- PROBLEM TO WORK ON -
Pictures stay out of the copy, which must hold exactly the lines from the one containing "Imot.bg � ����� ������ 4" through the end of the material below.

- SOURCE MATERIAL -
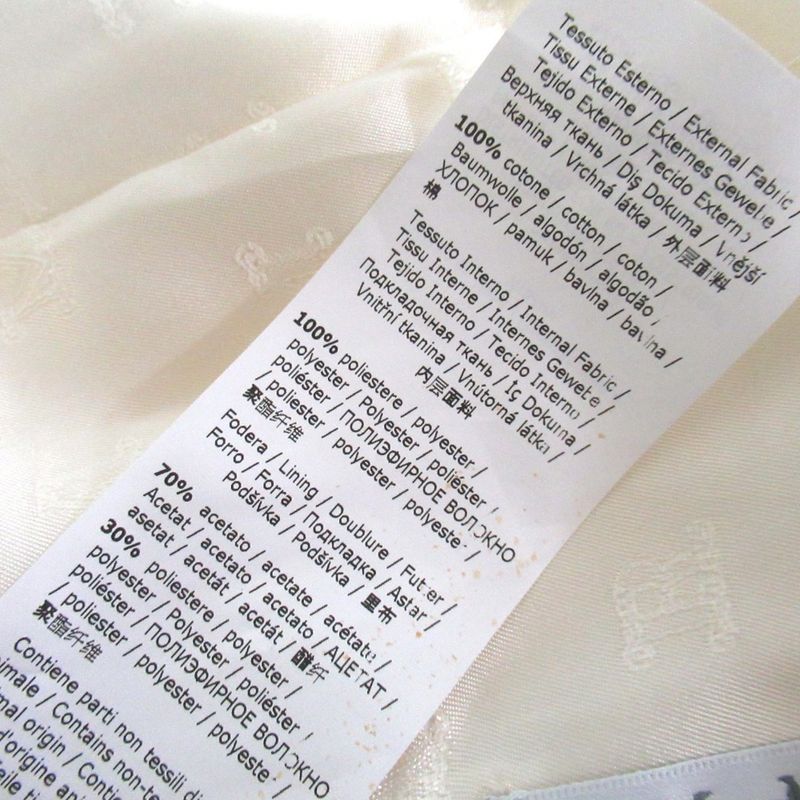 Max Mara Double Breasted Tailored Gilet Vest Ivory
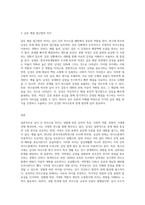 (청소년성교육과성상담) 좋은 의사소통은 건강하고 발전적인 관계의 지표이다 1) 의사소통에서 남녀 차이가-3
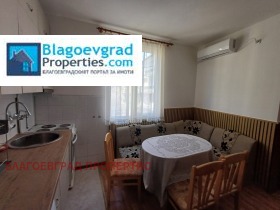 ���� ��� ���� 3-����� | Imot.bg � ����� ������ 4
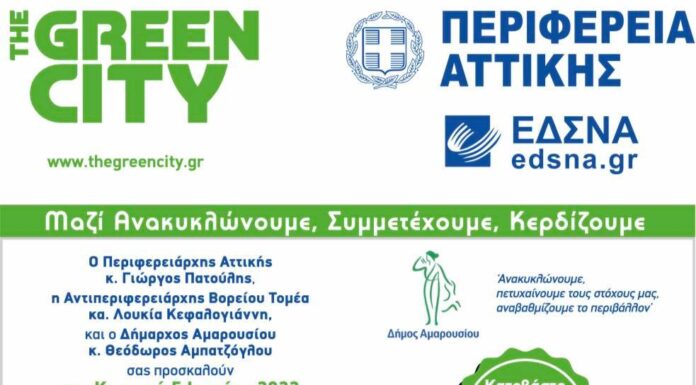 Παγκόσμια Ημέρα Περιβάλλοντος (5/6): Καθαρίζουμε και ανακυκλώνουμε στο Πάρκο Μυτιλήνης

- ANSWER AREA -
 ���� ��� ���� 3-����� | Imot.bg � ����� ������ 4
 Παγκόσμια Ημέρα Περιβάλλοντος (5/6): Καθαρίζουμε και ανακυκλώνουμε στο Πάρκο Μυτιλήνης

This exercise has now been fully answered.